◆ The data
+ + + +

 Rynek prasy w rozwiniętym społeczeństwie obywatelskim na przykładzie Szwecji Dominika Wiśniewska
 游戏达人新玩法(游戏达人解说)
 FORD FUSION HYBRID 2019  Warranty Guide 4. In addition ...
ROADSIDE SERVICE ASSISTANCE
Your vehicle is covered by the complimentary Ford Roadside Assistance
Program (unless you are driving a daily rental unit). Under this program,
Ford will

+ + + +

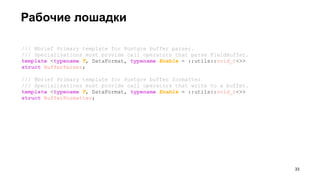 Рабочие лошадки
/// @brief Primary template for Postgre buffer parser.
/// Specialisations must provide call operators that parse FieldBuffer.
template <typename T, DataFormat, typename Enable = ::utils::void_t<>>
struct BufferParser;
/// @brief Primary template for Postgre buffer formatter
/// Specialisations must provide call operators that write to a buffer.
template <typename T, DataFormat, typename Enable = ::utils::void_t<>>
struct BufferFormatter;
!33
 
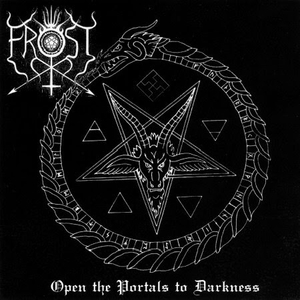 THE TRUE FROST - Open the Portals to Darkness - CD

+ + + +

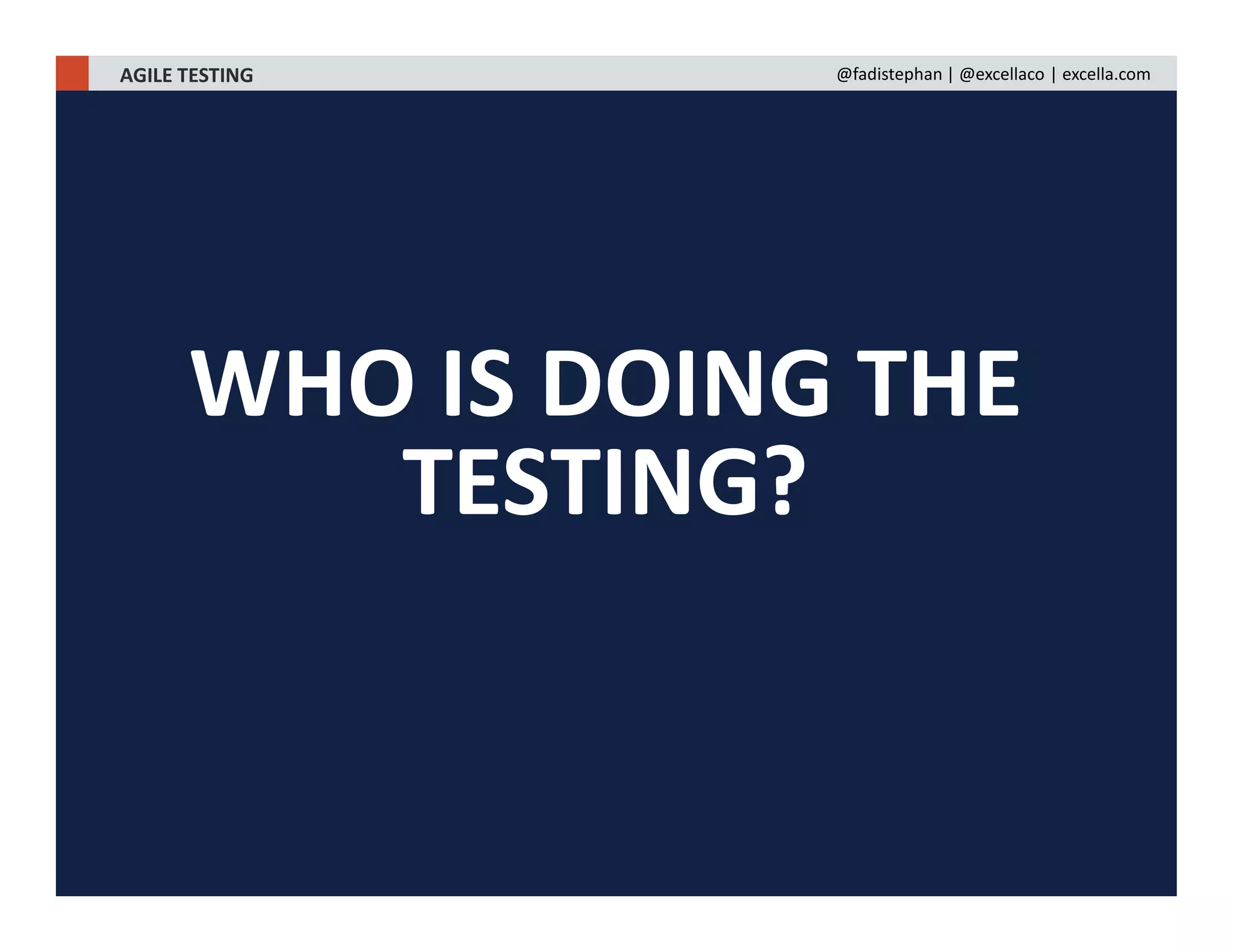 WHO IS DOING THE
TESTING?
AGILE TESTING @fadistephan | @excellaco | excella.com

+ + + +

◆ Your objective
Look above for the line containing "Rynek prasy w" and the line containing "Your vehicle is". Transcribe both, with the lines between them, exactly.

◆ Result below
 Rynek prasy w rozwiniętym społeczeństwie obywatelskim na przykładzie Szwecji Dominika Wiśniewska
 游戏达人新玩法(游戏达人解说)
 FORD FUSION HYBRID 2019  Warranty Guide 4. In addition ...
ROADSIDE SERVICE ASSISTANCE
Your vehicle is covered by the complimentary Ford Roadside Assistance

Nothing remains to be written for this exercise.